--- START ---

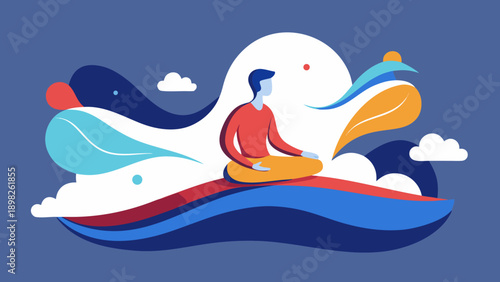 Man meditating in abstract landscape with colorful shapes symbolizing inner peace, mindfulness and mental balance in modern flat style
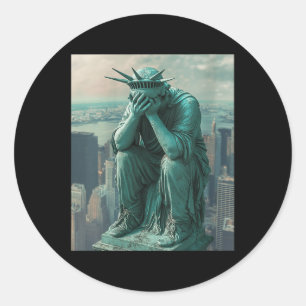 Womens Statue Of Liberty Facepalm V-neck Classic Round Sticker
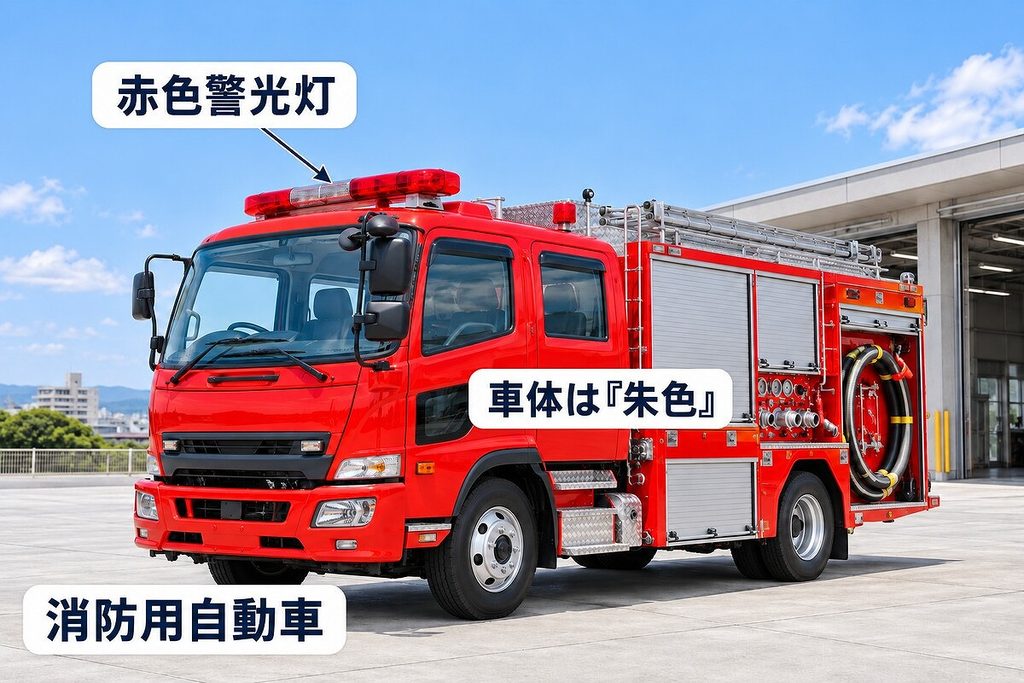 消防用自動車の朱色の車体と、屋根の赤色警光灯を別々のラベルで示した消防車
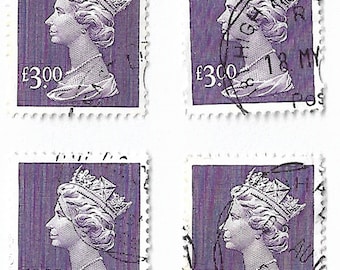 Great Britain Queen Elizabeth II (1952-date) GBP3 machin dull violet definitive stamps used x 12 for collecting or arts and crafts projects
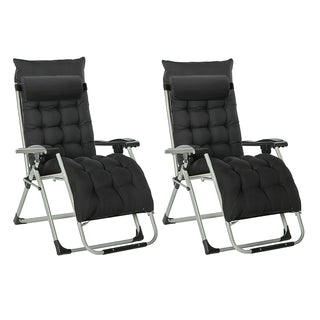 Set of Two Neo Black Zero Gravity Sun Lounger With Padded Cushions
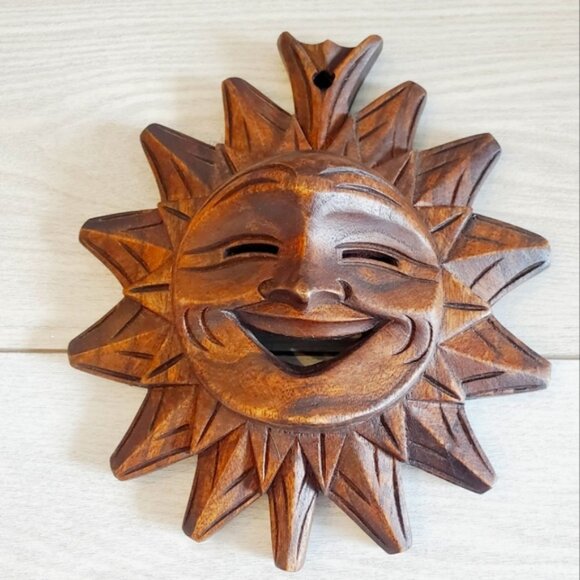 Vintage 3D Sun God Handcrafted Wooden Wall Hanging Aztec Boho - Picture 2 of 5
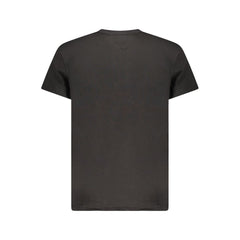 Camiseta masculina preta de algodão Tommy Hilfiger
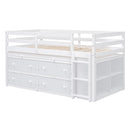 Loft Bed With Retractable Writing Desk And 4 Drawers, With Lateral Portable Desk And Shelves by HouseOfZazla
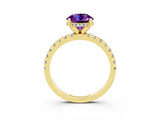 Yellow gold Round Cut Amethyst Solitaire Ring with Pavé Band and Four-Prong Setting_27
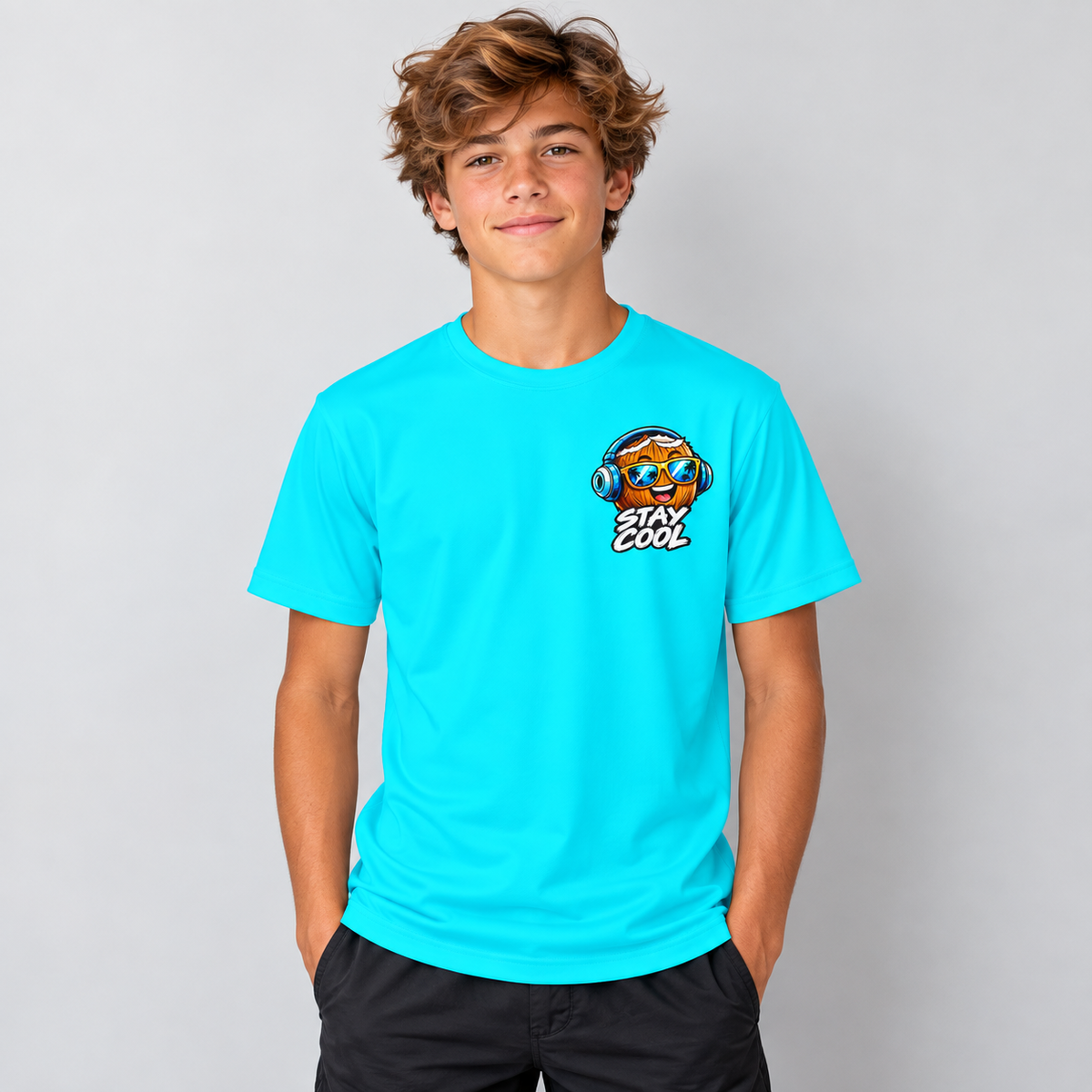 Stay Cool Coconut Character Kids Jersey | Tropical Summer Sports Tee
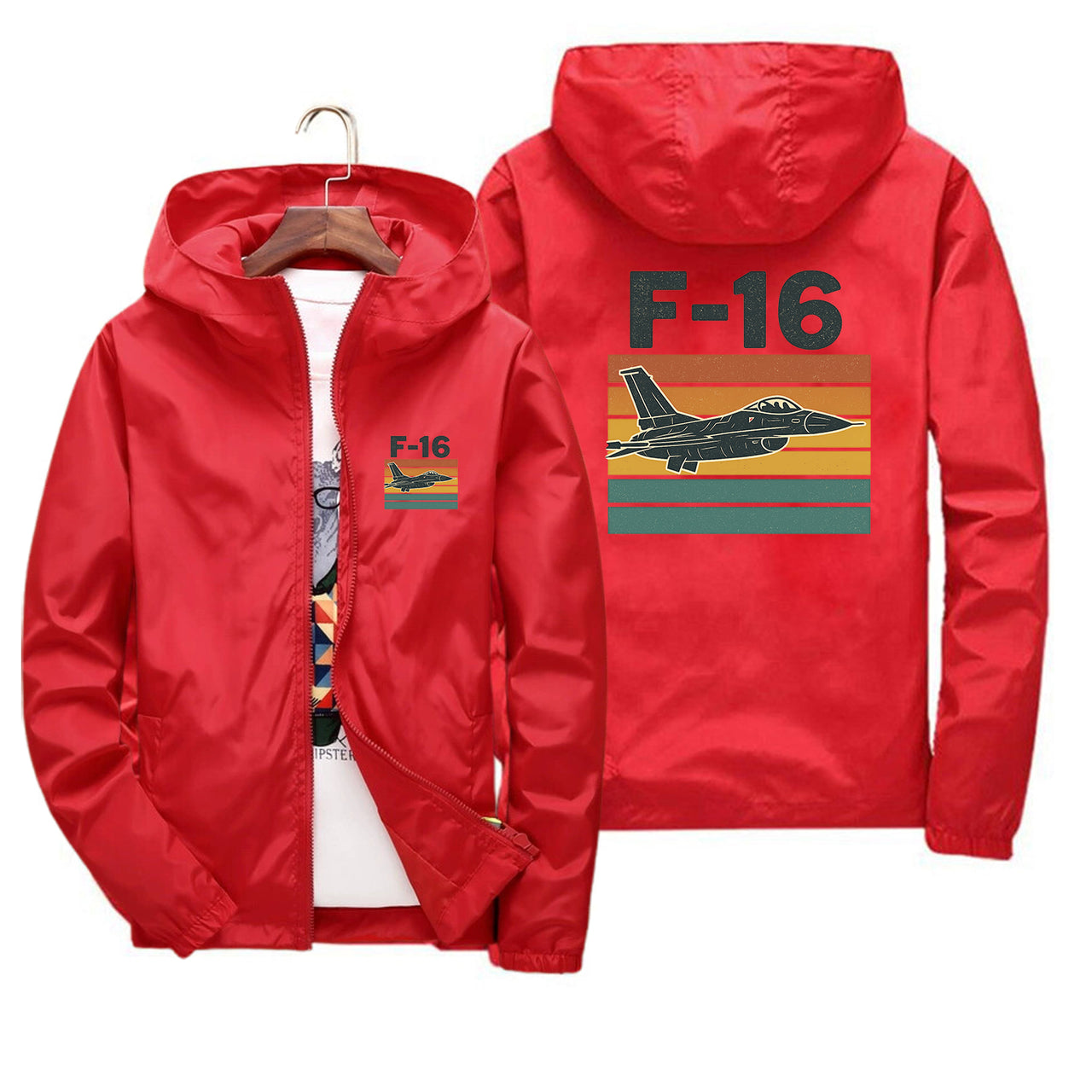 Retro Fighter Jet F16 Designed Thin Windbreaker Jackets
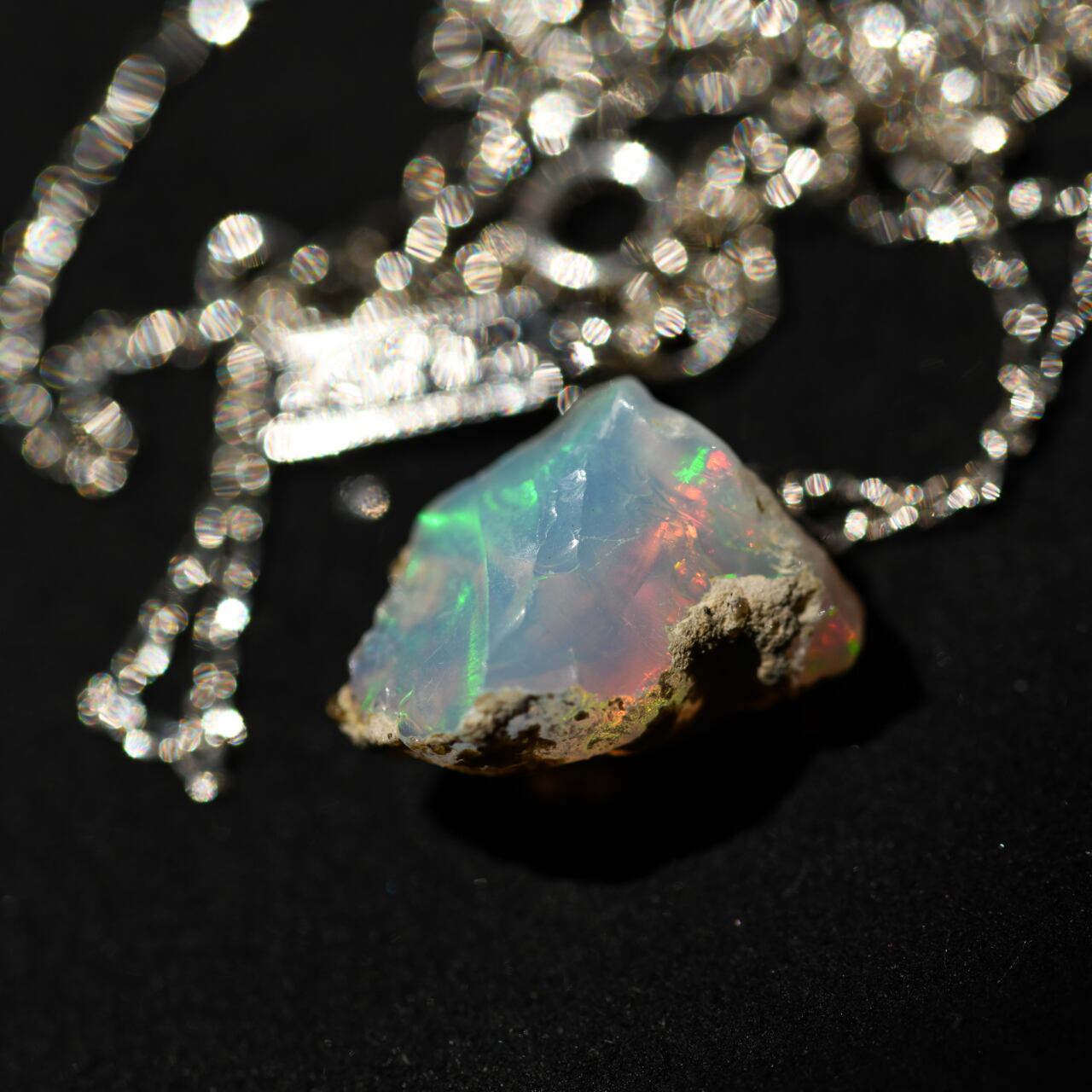 [One of a kind] Opal Raw Stone Sterling Silver Necklace | Handmade Natural Stone Jewelry [Dark Heroine Collection]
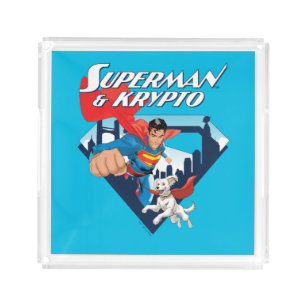 Superman & Krypto Soar Acrylic Tray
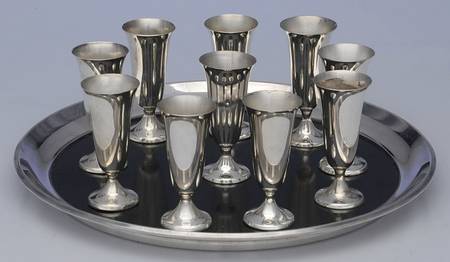 951 (Sterling, Hollowware) Cordial - Set of 10 with Complimentary Plated Tray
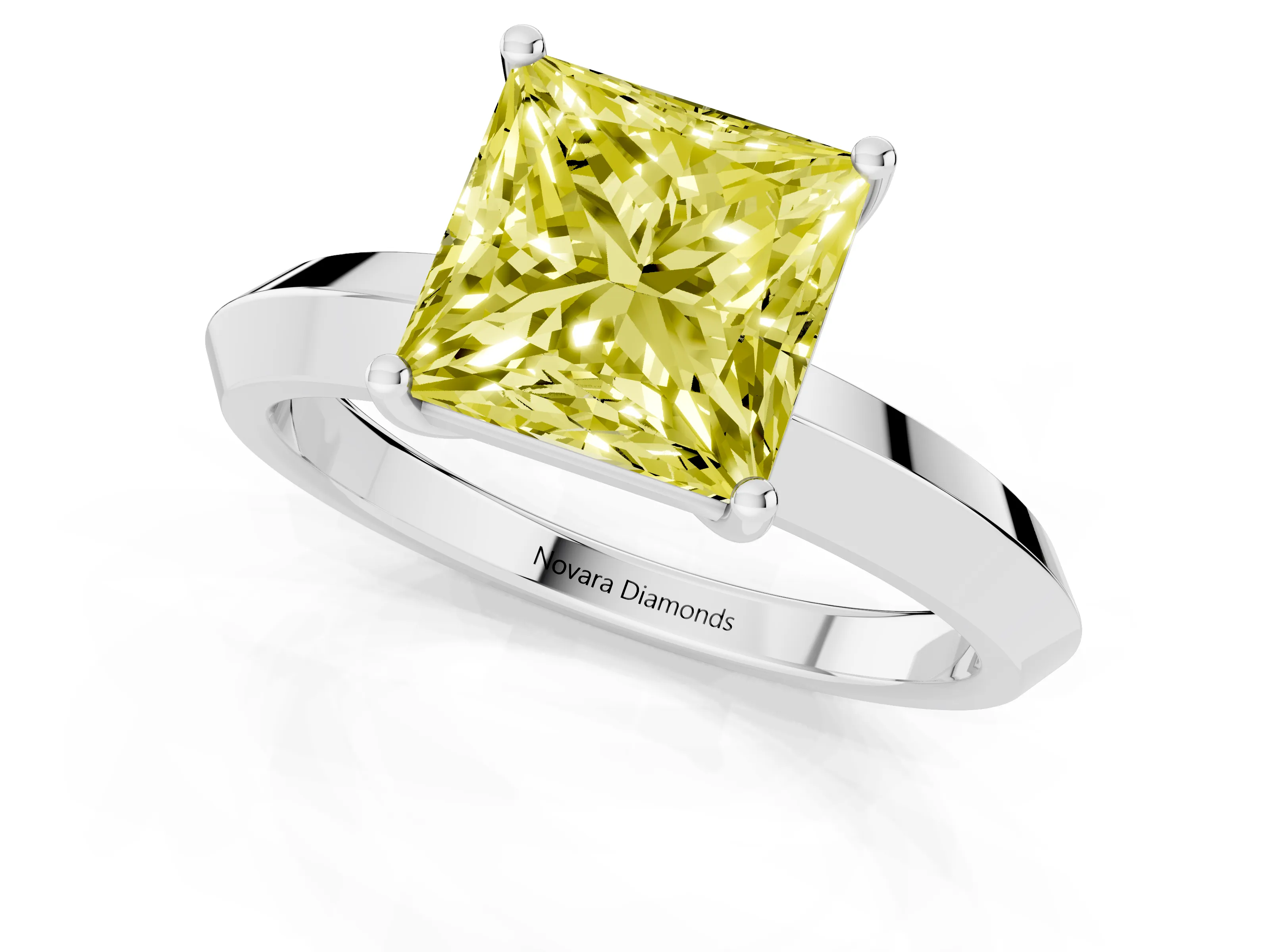 Fancy Yellow Princess Cut Diamond Solitaire Engagement Ring Set in Platinum with Flat Band and Prong Setting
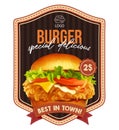 Vintage burgers retro poster style design template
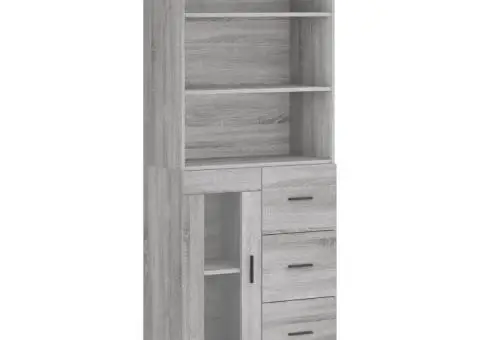 Dulap înalt, gri sonoma, 69,5x34x180 cm, lemn compozit - 2/5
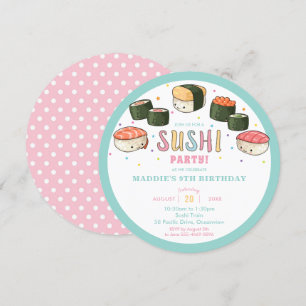 Invitation Kawaii Cute Sushi Party Fille Anniversaire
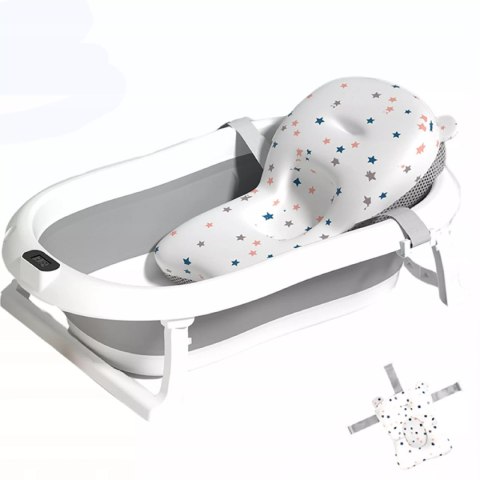 Składana wanienka z termometrem bezpieczna kąpiel + poduszka do kapieli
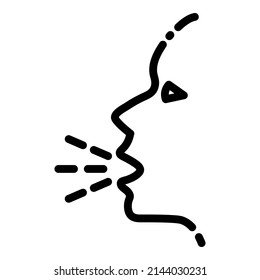 Icono De Tos De Cara Plano Aislado En Fondo Blanco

--- END ---

[What the task requires]
Please make an exact copy of the whole listing and leave out its pictures.

[Answer space]
 Man meditating in abstract landscape with colorful shapes symbolizing inner peace, mindfulness and mental balance in modern flat style
 Womens Statue Of Liberty Facepalm V-neck Classic Round Sticker
 消防用自動車の朱色の車体と、屋根の赤色警光灯を別々のラベルで示した消防車
 Great Britain Queen Elizabeth II (1952-date) GBP3 machin dull violet definitive stamps used x 12 for collecting or arts and crafts projects
 Set of Two Neo Black Zero Gravity Sun Lounger With Padded Cushions
 Vintage 3D Sun God Handcrafted Wooden Wall Hanging Aztec Boho - Picture 2 of 5
 Camiseta masculina preta de algodão Tommy Hilfiger
 Loft Bed With Retractable Writing Desk And 4 Drawers, With Lateral Portable Desk And Shelves by HouseOfZazla
 Yellow gold Round Cut Amethyst Solitaire Ring with Pavé Band and Four-Prong Setting_27
 Stay Cool Coconut Character Kids Jersey | Tropical Summer Sports Tee
 Retro Fighter Jet F16 Designed Thin Windbreaker Jackets
 [One of a kind] Opal Raw Stone Sterling Silver Necklace | Handmade Natural Stone Jewelry [Dark Heroine Collection]
 Superman & Krypto Soar Acrylic Tray
 951 (Sterling, Hollowware) Cordial - Set of 10 with Complimentary Plated Tray
 Fancy Yellow Princess Cut Diamond Solitaire Engagement Ring Set in Platinum with Flat Band and Prong Setting
 Vintage burgers retro poster style design template
 Dulap înalt, gri sonoma, 69,5x34x180 cm, lemn compozit - 2/5
 Invitation Kawaii Cute Sushi Party Fille Anniversaire
 Składana wanienka z termometrem bezpieczna kąpiel + poduszka do kapieli
 Icono De Tos De Cara Plano Aislado En Fondo Blanco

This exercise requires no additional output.